While "modern" portfolio theory (MPT), which dates back to the 1950s and 60s, became increasingly accepted through perhaps the late 1970s (thanks in good part to the pioneering efforts of some of the economists mentioned above), in more recent times behavioral finance--which looks more at what people actually do, as opposed to what a rational person would do--has held increasing sway. Before the efforts of the behavioral scientists, MPT seemed very much to be accepted science. However, markets can become rational only through sufficient interactions of rational (even though imperfect) participants. Real world experiences like a 22% drop in stock prices in just one day (in October 1987) without major economic news, combined with a relatively quick bounce back within a year--or the NASDAQ index soaring above 5,000 in 2000 with companies that amounted to little more than a business plan acquiring large market capitalizations--suggest somewhat of a lack of rationality. This book does a good job covering topics like these and the economists who addressed them, and that's the 95% of the book I truly enjoyed.
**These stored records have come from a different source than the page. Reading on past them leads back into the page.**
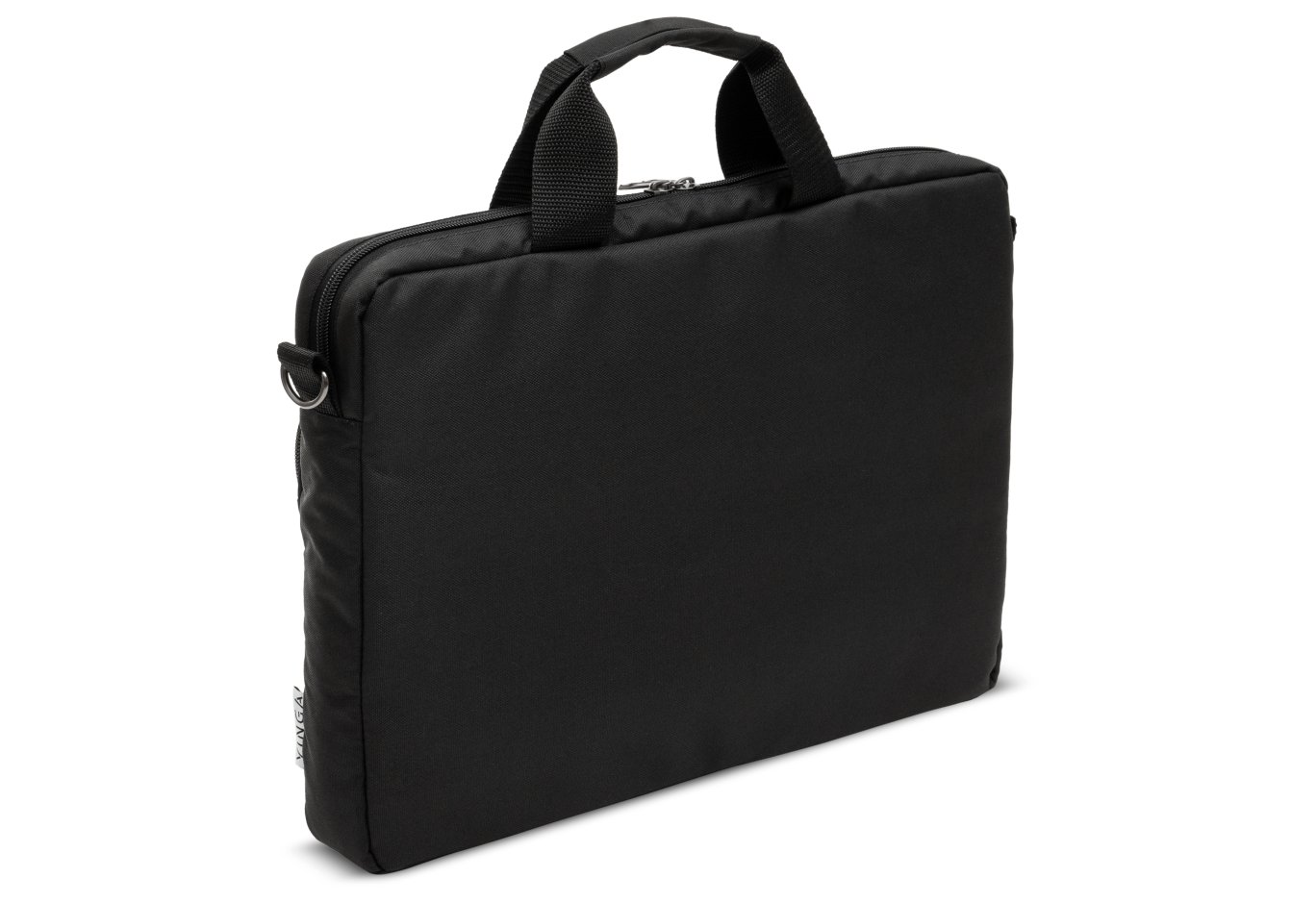 Сумка для ноутбука Vinga 14" NB143 black (NB143BK)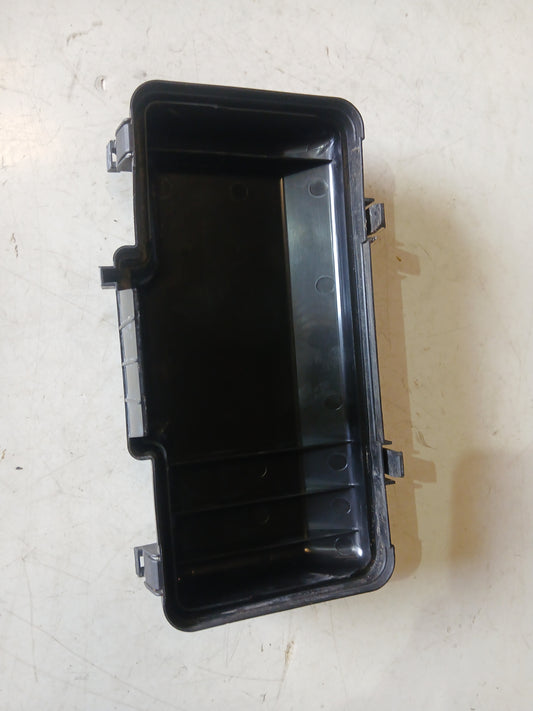 Tapa Fusilera Honda Odyssey 1999 2004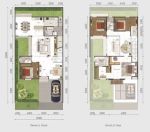 thumbnail-paramount-land-matera-residence-tipe-10-x-20-4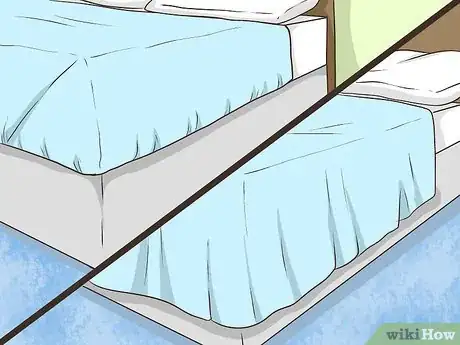 Image titled Prevent Charley Horses Step 11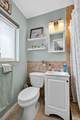 9471 Jamaica Drive - Photo 38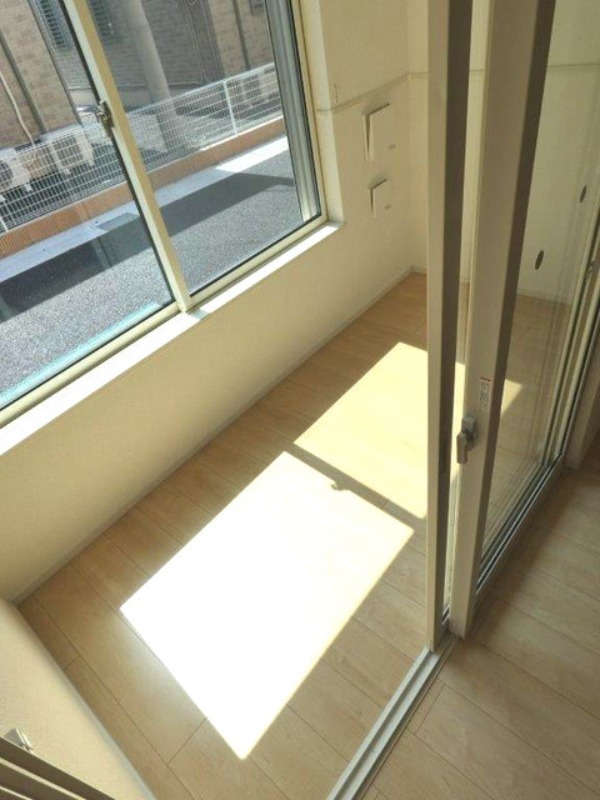 その他部屋・スペース　図面と現状に相違がある場合には現状を優先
This brings me to the end of the book. The book's title suggests a debunking of the myth of a rational market; but despite covering evidence of market irrationality (which has been discussed and successfully exploited by the likes of Warren Buffett for years), Justin Fox doesn't finish the job. He doesn't go in for the kill. Rather, he seems to let modern portfolio theory off with what feels like a draw. Although I would heartily recommend this book for its rich history of the concept of rational markets, in the end I was disappointed.